ThinkFast: August 23, 2010
Posted in Main Blog (All Posts) on August 24th, 2010 4:38 am by HL
Nobel Prize-winning economist Paul Krugman notes in his New York Times column today that extending the Bush tax cuts for the wealthiest Americans would be the equivalent of writing checks “averaging $3 million each to the richest 120,000 people in the country.” Krugman also notes that making all the tax cuts permanent would “cost the federal government $680 billion in revenue over the next 10 years.”
The U.S. Chamber of Commerce, the country’s largest business lobby, has pledged to spend a record amount of $75 million in the 2010 elections. On top of the $190 million spent on lobbying since President Obama’s election, the numbers “give the group clout as a virtual third party and a powerful voice in what laws are made and who’s elected to write them.”
Although interest rates for the U.S. Treasury, home buyers, and companies continue to decline, they are rising quickly in one area: consumer credit cards. Yesterday, new rules went into effect that restricts banks’ abilities to assess penalty charges, and the Wall Street Journal reports that the banks “responded by pushing card rates to their highest level in nine years.”
Mother Jones reports that members of the taxpayer-funded U.S. Commission for International Religious Freedom have joined the “vociferous opposition” to the Islamic center in lower Manhattan. Commission members, who are charged with promoting “freedom of thought, conscience, and religion,” are now advocating that a place of worship for moderate Muslims cannot be tolerated.
“Daisy Khan, one of the leading organizers behind the mosque and Islamic community center near ground zero in New York City, said Sunday that moving the project to another location is not currently on the table.” Khan also told ABC’s This Week that she believes the project will be built, despite fierce opposition driven by what she described as “beyond Islamophobia — it’s hate of Muslims.”
Almost half of the “1.3 million homeowners who enrolled in the Obama administration’s flagship mortgage-relief program have fallen out.” The data, which comes from a new report by the Treasury Department, suggests that “the $75 billion government effort is failing to slow the tide of foreclosures in the United States.”
According to Army Gen. Ray Odierno, the U.S. may keep troops in Iraq past the Obama administration’s 2011 withdrawal target date. If the Iraqi Army requests American assistance with weapons systems to defend against insurgency, “we could be there (in Iraq) beyond 2011,” Odierno said on CNN’s State of the Union yesterday.
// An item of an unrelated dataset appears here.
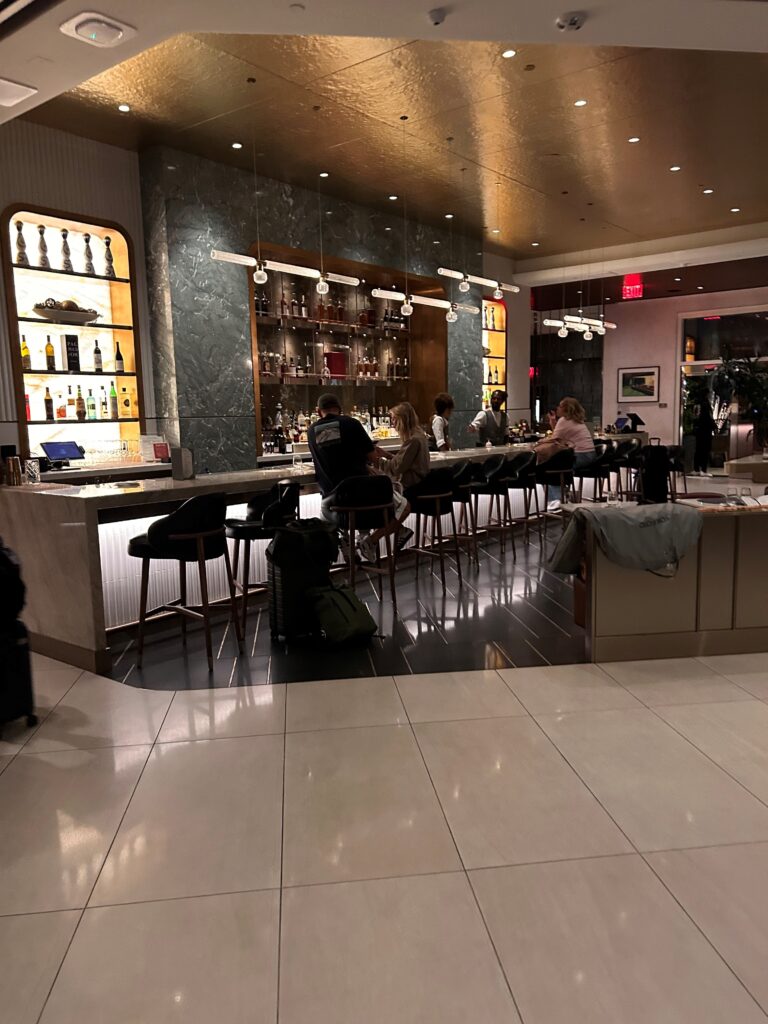 a group of people sitting at a bar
Vice President Joe Biden will address the Veterans of Foreign Wars in Indianapolis today, and will convey a positive message about progress in Iraq. Biden will tell the crowd that ongoing Iraqi political problems related to the March 7 elections will be resolved “in the near future,” according to administration officials, but he will not predict a date for a final agreement.
And finally: Nevada Assemblyman Harry Mortenson (D) is proposing a resolution to make the “Ne-VAH-da” pronunciation of his state’s name “equally acceptable to the one with the short ‘a.’” Nevadans “have long bristled” over the pronunciation, but “Mortenson says he’s not asking Nevadans to change. He just wants the Spanish pronunciation recognized.”